Nursing homes say Ky. has highest malpractice insurance costs and needs lawsuit review panels to keep providers and facilities

The state’s nursing-home lobby is renewing its effort to get legislative insulation from lawsuits, a prospect that could improve if Republicans control the state House after Tuesday’s election.

In a story for Kentucky Health News, Mellis Patrick wrote that Kentucky needs medical liability reform to stay competitive with its surrounding states, all of which have enacted some form of it, representatives of the Kentucky Association of Health Care Facilities told a legislative committee.

“It makes us not a friendly state to operate long-term care services,” Betsy Johnson, president of the association, said at the Nov. 2 meeting of the Interim Joint Committee on Health and Welfare, held during the association’s annual meeting in Louisville. “Providers are leaving Kentucky and new companies will not even consider locating in our commonwealth because of the high cost of health-care liability.”

Kentucky has at least one nursing home in every county, with a total of 281 nursing homes and 88 personal care homes. Combined, these facilities care for over 36,000 people, provide over 30,000 jobs and provide $200 million in state and local taxes, the group said.

Citing a recent study, Johnson said Kentucky’s long-term care providers are paying $9,350 per bed in liability insurance, the highest of any state. The study found Kentucky paid over $400,000 per claim in 2015, “the highest claims severity of all the states profiled in the Aon study,” Johnson said. Aon Risk Solutions is a risk-management and insurance company.

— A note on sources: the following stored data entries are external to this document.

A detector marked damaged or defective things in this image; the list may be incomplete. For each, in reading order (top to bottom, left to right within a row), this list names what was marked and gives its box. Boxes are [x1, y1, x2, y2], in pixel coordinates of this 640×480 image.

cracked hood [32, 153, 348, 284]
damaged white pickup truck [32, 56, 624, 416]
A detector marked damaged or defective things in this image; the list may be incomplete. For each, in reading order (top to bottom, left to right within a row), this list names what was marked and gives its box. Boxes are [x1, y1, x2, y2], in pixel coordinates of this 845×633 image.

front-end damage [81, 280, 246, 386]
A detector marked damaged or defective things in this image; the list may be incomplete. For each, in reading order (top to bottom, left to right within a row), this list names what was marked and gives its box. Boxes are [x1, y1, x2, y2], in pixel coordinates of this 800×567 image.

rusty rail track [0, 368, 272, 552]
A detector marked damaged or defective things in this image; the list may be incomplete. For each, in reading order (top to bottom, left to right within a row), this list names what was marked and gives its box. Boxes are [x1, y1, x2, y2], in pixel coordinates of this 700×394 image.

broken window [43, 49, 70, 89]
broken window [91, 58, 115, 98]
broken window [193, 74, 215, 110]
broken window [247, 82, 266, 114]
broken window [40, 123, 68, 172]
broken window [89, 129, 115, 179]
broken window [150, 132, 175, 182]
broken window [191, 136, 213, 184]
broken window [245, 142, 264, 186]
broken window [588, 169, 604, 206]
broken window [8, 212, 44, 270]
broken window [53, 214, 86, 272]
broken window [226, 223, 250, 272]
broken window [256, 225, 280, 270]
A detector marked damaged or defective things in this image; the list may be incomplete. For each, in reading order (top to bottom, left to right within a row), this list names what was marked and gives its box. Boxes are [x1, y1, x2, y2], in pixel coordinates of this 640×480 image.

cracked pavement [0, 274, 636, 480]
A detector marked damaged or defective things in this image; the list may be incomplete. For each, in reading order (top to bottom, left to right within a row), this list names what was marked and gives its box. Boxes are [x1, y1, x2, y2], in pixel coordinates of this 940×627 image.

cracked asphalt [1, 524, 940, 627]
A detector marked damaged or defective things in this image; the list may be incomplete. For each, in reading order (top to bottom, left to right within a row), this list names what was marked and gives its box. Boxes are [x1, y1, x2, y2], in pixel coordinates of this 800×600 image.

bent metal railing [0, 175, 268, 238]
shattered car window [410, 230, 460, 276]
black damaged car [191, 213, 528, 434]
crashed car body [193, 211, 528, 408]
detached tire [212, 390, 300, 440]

Kentucky also had the highest loss rate of Medicaid dollars in the study, which means that “14.66 percent of Medicaid reimbursement dollars that facilities receive end up going back out to cover losses,” Johnson said. “That is money that is not being used to provide care to the residents that we are committed to serving.”

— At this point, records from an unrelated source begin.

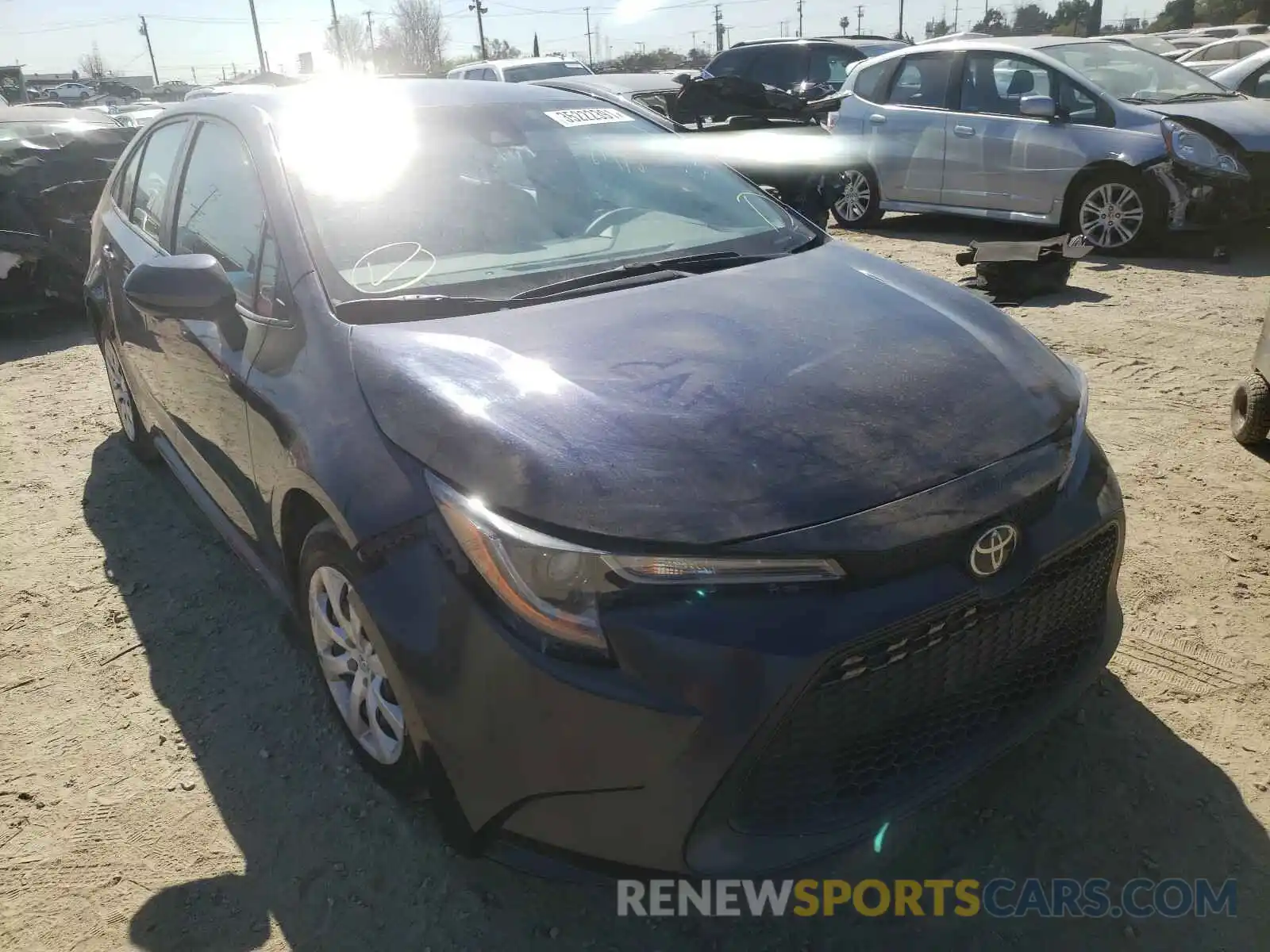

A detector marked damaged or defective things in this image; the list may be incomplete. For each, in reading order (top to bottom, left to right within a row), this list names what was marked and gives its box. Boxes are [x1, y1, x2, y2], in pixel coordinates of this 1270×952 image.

damaged white car [826, 35, 1257, 251]
damaged hood [1143, 97, 1270, 152]
damaged hood [349, 241, 1080, 546]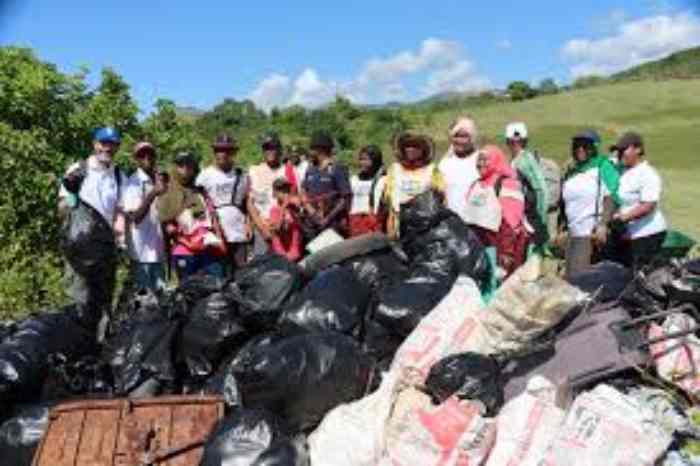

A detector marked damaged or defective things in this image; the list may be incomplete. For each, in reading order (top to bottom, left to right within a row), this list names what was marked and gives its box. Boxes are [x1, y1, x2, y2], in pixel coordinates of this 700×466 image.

rusty metal sheet [32, 396, 224, 466]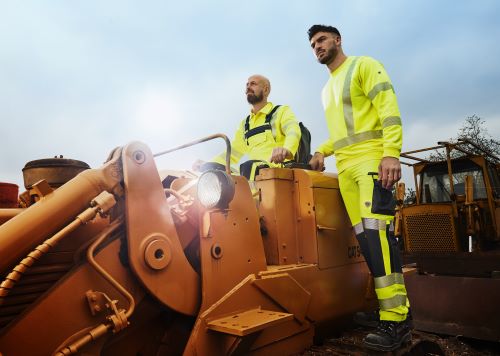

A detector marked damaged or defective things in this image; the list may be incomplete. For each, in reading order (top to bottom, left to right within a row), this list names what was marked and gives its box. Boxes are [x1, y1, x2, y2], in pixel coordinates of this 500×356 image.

rusty metal surface [406, 272, 500, 342]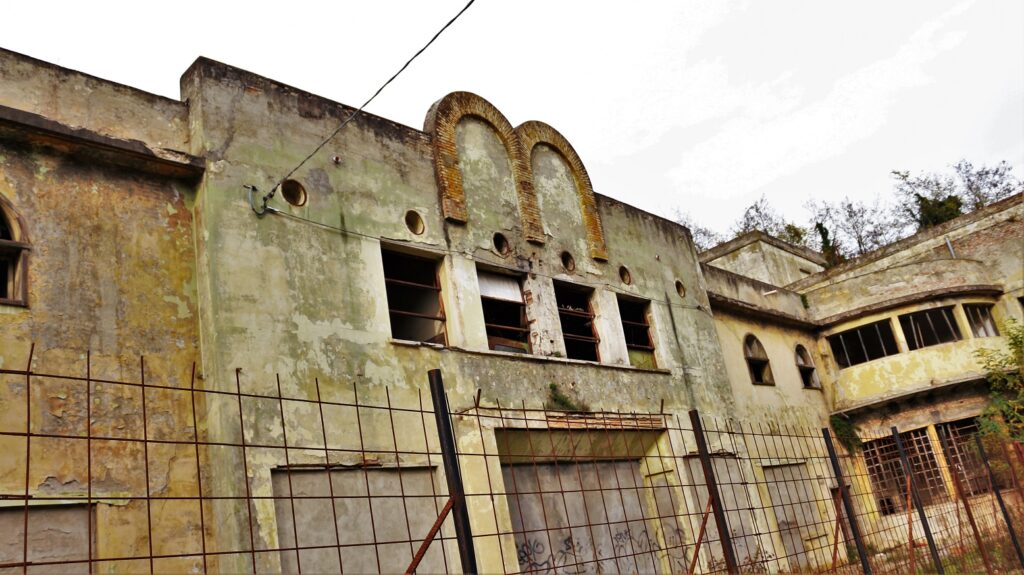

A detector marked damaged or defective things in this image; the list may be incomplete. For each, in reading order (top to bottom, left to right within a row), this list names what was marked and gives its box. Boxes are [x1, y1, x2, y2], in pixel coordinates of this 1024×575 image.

broken window [0, 203, 28, 306]
broken window [382, 245, 446, 339]
window with missing glass [382, 247, 446, 343]
window with missing glass [477, 268, 532, 354]
broken window [477, 270, 532, 354]
broken window [552, 280, 598, 358]
window with missing glass [552, 280, 598, 360]
broken window [614, 294, 655, 366]
window with missing glass [614, 294, 655, 366]
broken window [741, 333, 770, 382]
window with missing glass [741, 333, 770, 382]
broken window [794, 341, 819, 386]
window with missing glass [794, 341, 819, 386]
broken window [827, 317, 901, 366]
window with missing glass [827, 317, 901, 366]
broken window [901, 304, 962, 349]
window with missing glass [901, 304, 962, 349]
broken window [958, 302, 999, 337]
window with missing glass [962, 302, 995, 337]
broken window [0, 501, 94, 568]
rusty fence post [432, 368, 479, 568]
rusty fence post [688, 407, 737, 572]
rusty fence post [823, 427, 872, 568]
broken window [864, 425, 942, 509]
rusty fence post [888, 425, 942, 572]
rusty fence post [937, 423, 991, 568]
rusty fence post [974, 431, 1024, 564]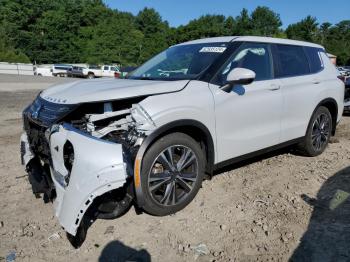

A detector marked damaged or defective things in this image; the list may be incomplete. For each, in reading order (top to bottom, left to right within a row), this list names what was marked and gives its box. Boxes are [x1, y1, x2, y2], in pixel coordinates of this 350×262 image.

crumpled hood [39, 78, 190, 103]
damaged bumper [20, 124, 128, 236]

Aon said in a statement, “Kentucky’s high cost of liability may be related to its lack of restrictions on tort actions. The state constitution prohibits limits on non-economic damages and there are no statutes concerning qualifications of expert witnesses, certificates of merit, pre-trial alternative dispute resolution or limits on attorney’s fees.”

For several years, nursing homes have been trying to get the legislature to require that medical-malpractice lawsuits be reviewed by a three-person panel to determine if a case has merit before the suit could proceed. Panel findings would be admissible in court, but not legally binding. The legislation has passed the Republican-led Senate, but has not been heard in the Democrat-led House.

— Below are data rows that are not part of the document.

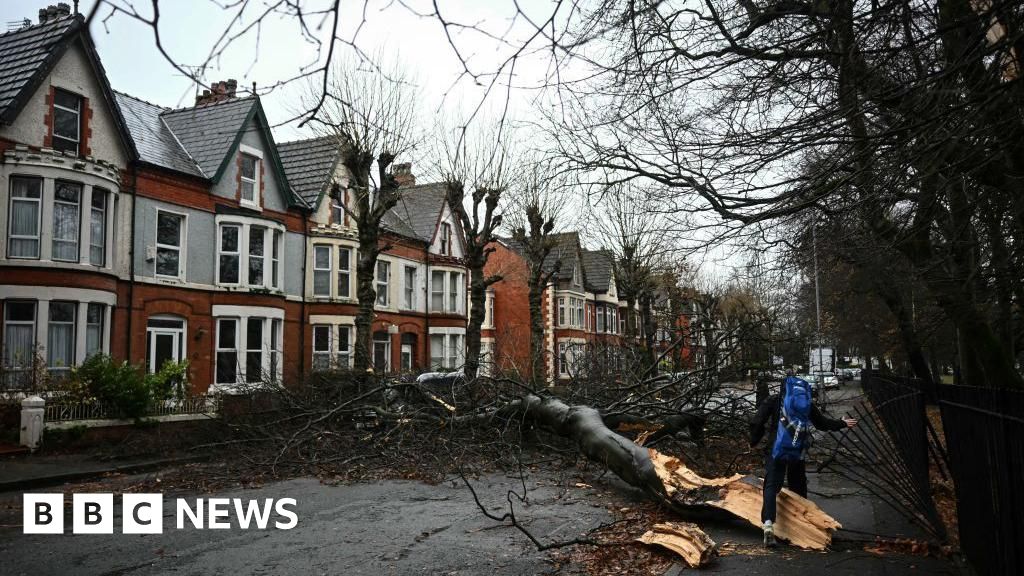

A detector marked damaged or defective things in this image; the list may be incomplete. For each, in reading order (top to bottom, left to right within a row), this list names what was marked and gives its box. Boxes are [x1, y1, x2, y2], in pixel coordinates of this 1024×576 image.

splintered wood [636, 520, 716, 568]
splintered wood [648, 448, 840, 552]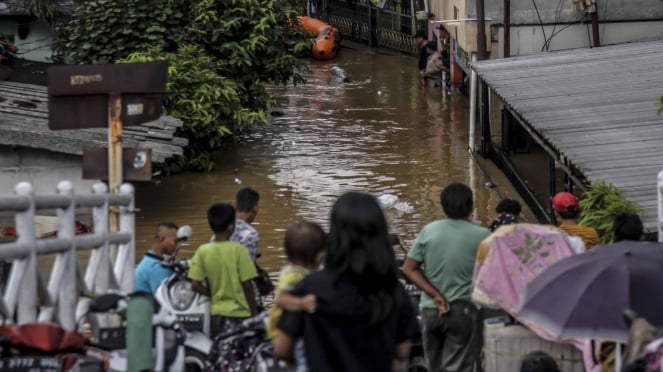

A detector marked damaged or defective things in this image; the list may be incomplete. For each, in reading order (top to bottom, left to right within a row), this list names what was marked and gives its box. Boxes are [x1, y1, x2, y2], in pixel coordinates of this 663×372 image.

rusty metal roof [0, 81, 187, 163]
rusty metal roof [472, 40, 663, 232]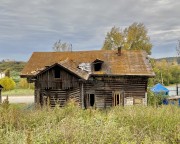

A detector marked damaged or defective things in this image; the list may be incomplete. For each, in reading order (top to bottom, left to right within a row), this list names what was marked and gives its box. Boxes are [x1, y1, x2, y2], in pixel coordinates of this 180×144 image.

rusty metal roof [20, 49, 155, 79]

Sen. Ralph Alvarado, R-Winchester, a physician, said after the meeting that he will likely introduce the bill again, pointing out that 43 other states have some sort of tort reform.

“The motivation for me to run for office to begin with was tort reform,” he said. “It is kind of what has gotten me here. So this is the big white whale that I am chasing and if I harpoon it and I get voted out of office, I can leave with a smile on my face. So, I am really hoping to get this accomplished.”